2

How do you call shingles in Python DSL?

This is a simple example that searches for a phrase in the "name" field and another one in the "surname" field.

import json
from elasticsearch import Elasticsearch
from elasticsearch_dsl import Search, Q

def make_dsl_query(fields):
    """
    Construct a query
    """
    es_client = Elasticsearch()
    my_query = Search(using=es_client, index="my_index", doc_type="my_type")

    if fields['name'] and fields['surname']:
        my_query = my_query.query(Q('bool', should=
                   [Q("match", name=fields['name']),
                    Q("match", surname=fields['surname'])]))
    return my_query


if __name__ == '__main__':

    my_query = make_dsl_query(fields={"name": "Ivan The Terrible", "surname": "Conqueror of the World"})
    response = my_query.execute()

    # print response
    for hit in response:
        print(hit.meta.score, hit.name, hit.surname)

1) Is it possible to use shingles? And how? I've tried many things and can't find anything in the documentation on it.

This would work in a normal Elasticsearch query, but apparently called in a different way in the Python DSL...

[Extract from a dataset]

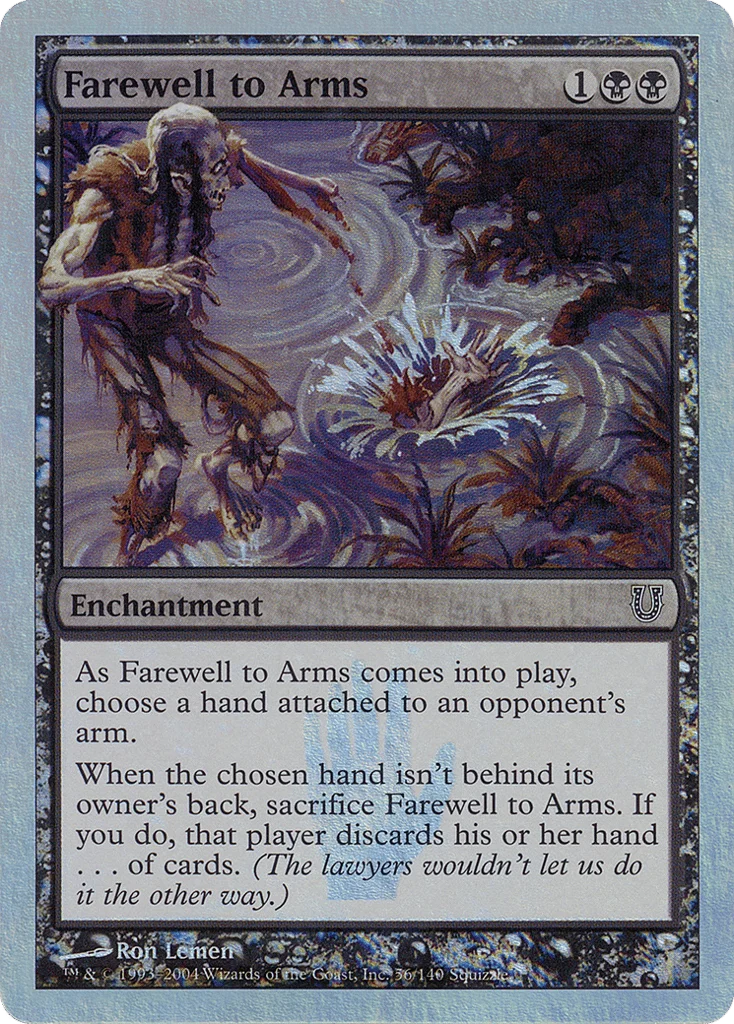 Farewell to Arms · Unhinged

my_query = my_query.query(Q('bool', should=
                   [Q("match", name.shingles=fields['name']),
                    Q("match", surname.shingles=fields['surname'])]))

2) How do I pass fuzziness parameters to my match? Can't seem to find anything on it either. Ideally I would be able to do something like this:

my_query = my_query.query(Q('bool', should=
                   [Q("match", name=fields['name'], fuzziness="AUTO", max_expansions=10),
                    Q("match", surname=fields['surname'])]))
Ivan Bilan
  • 2,379
  • 5
  • 38
  • 58

2 Answers2

4

To use shingles you need to define them in your mappings, it's too late to try and use them in query time. At query time what you can do is use a match_phrase query.

my_query = my_query.query(Q('bool', should=
               [Q("match", name.shingles=fields['name']),
                Q("match", surname.shingles=fields['surname'])]))

This should work if written as:

 my_query = my_query.query(Q('bool', should=
               [Q("match", name__shingles=fields['name']),
                Q("match", surname__shingles=fields['surname'])]))

Assuming you have the shingles field defined on both name and surname fields.

Note that you can also use the | operator:

 my_query = Q("match", name__shingles=fields['name']) | Q("match", surname.shingles=fields['surname'])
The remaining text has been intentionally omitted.